▶ [Records shown]:
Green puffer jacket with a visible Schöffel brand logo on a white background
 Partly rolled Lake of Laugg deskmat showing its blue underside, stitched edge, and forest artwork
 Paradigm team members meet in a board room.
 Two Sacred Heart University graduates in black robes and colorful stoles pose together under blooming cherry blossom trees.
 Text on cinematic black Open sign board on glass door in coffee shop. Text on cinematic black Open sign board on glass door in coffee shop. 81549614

▶ [Your assignment]: Each line from the top of the records down to the one with "Paradigm team members meet in a board room." must be retyped exactly; include both ends and nothing else.

▶ [Output below]:
Green puffer jacket with a visible Schöffel brand logo on a white background
 Partly rolled Lake of Laugg deskmat showing its blue underside, stitched edge, and forest artwork
 Paradigm team members meet in a board room.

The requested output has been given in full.